Cómo obra el fuego del infierno


   ¿Cómo puede este fuego corpóreo producir sus efectos sobre un alma separada del cuerpo y sobre espíritus puros como los demonios? Los teólogos responden comúnmente: el fuego puede hacer eso sólo en calidad de instrumento de la justicia divina, como obran (por ejemplo) los Sacramentos; el agua del Bautismo produce en el alma un efecto espiritual, que es la gracia. Los que han despreciado los Sacramentos, instrumentos de la misericordia divina, sufren a causa de los instrumentos de la justicia divina.

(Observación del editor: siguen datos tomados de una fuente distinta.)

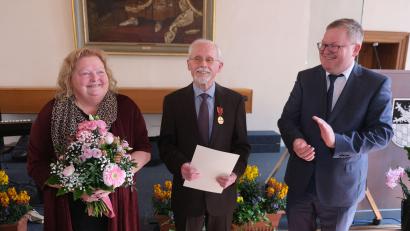 Bild: usc
Die Verdienstmedaille des Verdienstordens der Bundesrepublik Deutschland überreichte Oberbürgermeister Michael Cerny (rechts) an Rudolf Maier (Mitte) und Blumen an dessen Ehefrau Annemarie.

   Los teólogos se dividen, igual que para los Sacramentos, en dos grupos, según que admiten una causalidad instrumental física o sólo una causalidad moral. La causa moral, como la plegaria que dirigimos a alguno para impulsarle a obrar, no produce el efecto deseado, sino que imprime solamente en el agente un impulso que le hace capaz de obrar en el sentido deseado. Si no fuese así, el fuego del infierno no produciría directamente el efecto que le es atribuido; semejante efecto sería producido únicamente por Dios.

   Los tomistas y muchos otros teólogos admiten a este propósito, como para los Sacramentos, una causalidad instrumental física del fuego del infierno sobre el alma de los condenados. Pero lo difícil es explicar su modo de acción. Santo Tomás y sus mejores comentaristas (Contra Gentes, IV, c. 90; II, Suppl. q. 70, a. 33) admiten que el fuego del infierno recibe de Dios la virtud de atormentar a los espíritus réprobos impidiéndoles obrar donde quieren y como quieren.  Existe por el fuego como un vínculo que les impide obrar, algo como lo que le acontece a una persona paralítica, o al que sufre confusión mental a consecuencia de una intoxicación. Además, los condenados reciben la humillación de verse sujetos a un elemento corpóreo, estando como están tan pagados de su inmaterialidad.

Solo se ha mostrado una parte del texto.